Leach putting it all on the line with Grinch and Manning
January 30, 2015
Mike Leach is on his final leg as head coach at Washington State University. After three consecutive sub-par seasons on defense, he fired defensive coordinator Mike Breske and outside linebackers coach Paul Valero, replacing them with former Missouri safeties coach Alex Grinch and former Michigan cornerbacks coach Roy Manning. The combination of the two, who now fill three coaching spots on defense, are who Leach is turning over the deed to his house in Pullman and his future as the Cougs head coach.
It’s a gutsy call to make – the hiring heralded by almost every coach who took the time to comment.
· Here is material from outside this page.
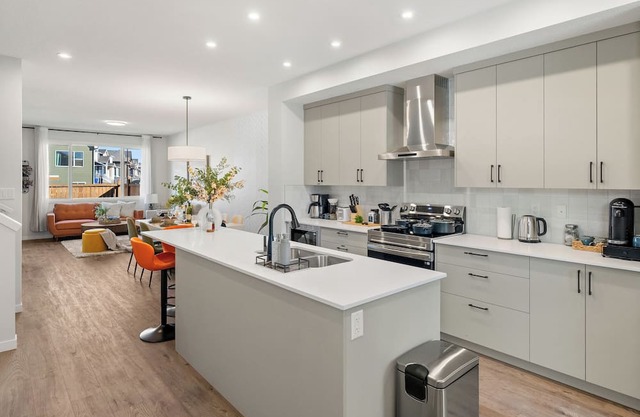 Modern 3BedRoom/4Bedrooms with Arcade Room-Close to to Banff/Winsport-Sleep6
Missouri Head Coach Gary Pinkel knew just how good Grinch could be when he hired him back in 2012.
“He brings a lot to the table…,” Pinkel said in a press release on Jan. 5, 2012. “He’s worked hard to become a very successful teacher of the game.”
The praise from Pinkel, as well as a handful of others, is a nice touch. However, Grinch has never been a defensive coordinator in his short coaching career, and Leach doesn’t have the time to wait for him to develop into a solid Pac-12 coordinator.
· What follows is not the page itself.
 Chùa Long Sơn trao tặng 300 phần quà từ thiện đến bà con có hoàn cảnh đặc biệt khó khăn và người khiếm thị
Manning at least coached linebackers for one season at Michigan in 2013 and played the position in college, albeit a grand total of 10 starts in his final year in Ann Arbor. He bounced around the NFL for three years, playing for the Buffalo Bills, Cincinnati Bengals, Green Bay Packers, Houston Texans and Jacksonville Jaguars.
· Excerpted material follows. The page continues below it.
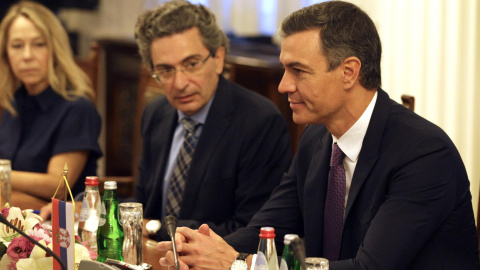 El primer ministro español, Pedro Sánchez, observa durante la reunión con el presidente del parlamento serbio, Ivica Dacic (no en la foto), en Belgrado, Serbia, el 30 de julio de 2022.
That will be a nice recruiting pitch for Manning, and that is the primary reason Leach hired him. But being an assistant on a recruit instead of being a primary recruiter, and recruiting to WSU instead of Michigan, is a different animal that he’s yet to experience, which makes the hiring all the more questionable.
Washington State needed a big name coach who had legitimate coaching experience to fast-track the revival of the Cougar defense. Leach failed. The Cougs’ defense has ranked in the bottom third of almost every statistical category over the last three years; 83rd in 2012, 103rd in 2013 and bringing things back a little bit this past season at 99th in total defense.
In Grinch’s three years as the safeties coach at Missouri, the Tigers ranked 76th, 109th and 40th respectively in total defense from 2012-2014. An average of 20 spots difference might seem like a lot through a glass-half-full perspective. It’s an improvement, but not enough for what the Cougars need to compete week in and week out in the Pac-12.
Grinch and Manning might be good coaches, but they don’t have the prowess to turn the table and make the Cougars defense a legitimate Pac-12 defense in one, two or even three years. They are both the type of coaches to bring in at the beginning of a head coaching tenure. They are relentless recruiters, and can lay the foundation early, build it up and, in a few years, be able to field a strong defense.
Leach had the opportunity to hire an experienced, well recognized defensive coordinator to revive the Cougars’ defense. But Leach decided to fold his hand, one he could have paired with two aces, and instead settled on the unproven prospects of Grinch and Manning. Come November, after another dismal season, Leach will have to fold his hand one more time, this time for good, as the head coach at WSU. He’ll look back at the decision to settle as the final straw in what has already been an underwhelming tenure on the Palouse.